21. Hukuk Dairesi Esas No: 2008/9509 Karar No: 2009/1949
Yargıtay 21. Hukuk Dairesi 2008/9509 Esas 2009/1949 Karar Sayılı İlamı
21. Hukuk Dairesi 2008/9509 E. , 2009/1949 K.
"İçtihat Metni"
MAHKEMESİ : Of Asliye Hukuk Mahkemesi TARİHİ : 16/01/2008 NUMARASI : 2006/279-2008/12
Davacılar, murisinin iş kazası sonucu ölümünden doğan maddi ve manevi tazminatın ödetilmesine karar verilmesini istemiştir.

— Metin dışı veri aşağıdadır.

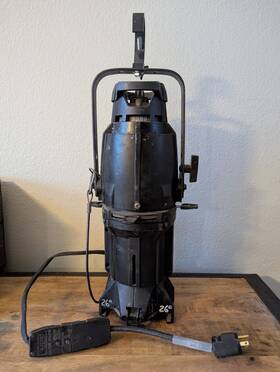 Cg001ex Etc Source Four 26 750w Lamp Ellipsoidal Light With Connector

Mahkeme ilamında belirtildiği şekilde, davanın zamanaşımı nedeniyle reddine karar vermiştir. Hükmün taraf vekillerince temyiz edilmesi üzerine temyiz isteğinin süresinde olduğu anlaşıldıktan ve Tetkik Hakimi tarafından düzenlenen raporla dosyadaki kağıtlar okunduktan sonra işin gereği düşünüldü ve aşağıdaki karar tesbit edildi. Dava, iş kazası sonucu ölen sigortalının hak sahiplerinin maddi ve manevi zararlarının giderilmesi istemine ilişkindir. Mahkemece davanın zamanaşımı süresi dolduğundan reddine karar verilmiştir. Davacıların murisi sigortalı ile davalı işveren arasında hizmet ilişkisi bulunmakta olup davacılar sigortalının halefi olarak bu davayı açmışlardır.Dava iş kazasından kaynaklanmakta ve davalının kusuru iş akdine aykırı davranıştan doğmaktadır. Hizmet akdi ile çalışırken çalıştıranın gerekli önlemleri almaması nedeniyle meydana gelen zararlara akde aykırılığa ilişkin hükümlerin uygulanacağı, hal böyle olunca da meydana gelen zararlara Borçlar Kanunu"nun 125. maddesinin uygulanması gerekir. Borçlar Kanununun 125. maddesi uyarınca iş kazasından doğan maddi ve manevi zararların tazmini istemine ilişkin davalar da zaman aşımı 10 yıldır. Somut olayda iş kazası 25.5.1997 tarihinde vukubulmuş, dava on yıllık süre dolmadan 29.12.2006 tarihinde açılmıştır. Hal böyle olunca, davada yukarıda sözü geçen maddenin öngördüğü 10 yıllık zamanaşımı süresinin gerçekleşmediği açıktır. Mahkemece, bu maddi ve hukuki olgular gözönünde tutulmaksızın davada uygulama yeri olmayan Borçlar Kanunu"nun haksız fiillerde zamanaşımını düzenleyen 60/2.maddesine dayanılarak sonuca gidilmesi usul ve yasaya aykırı olup bozma nedenidir. O halde, davacının bu yönleri amaçlayan temyiz itirazları kabul edilmeli ve hüküm bozulmalıdır. SONUÇ: Hükmün yukarıda açıklanan nedenlerle BOZULMASINA, tarafların sair temyiz itirazlarının şimdilik incelenmesine yer olmadığına, temyiz harcının istek halinde davacılara iadesine, 12.2.2009 gününde oybirliğiyle karar verildi.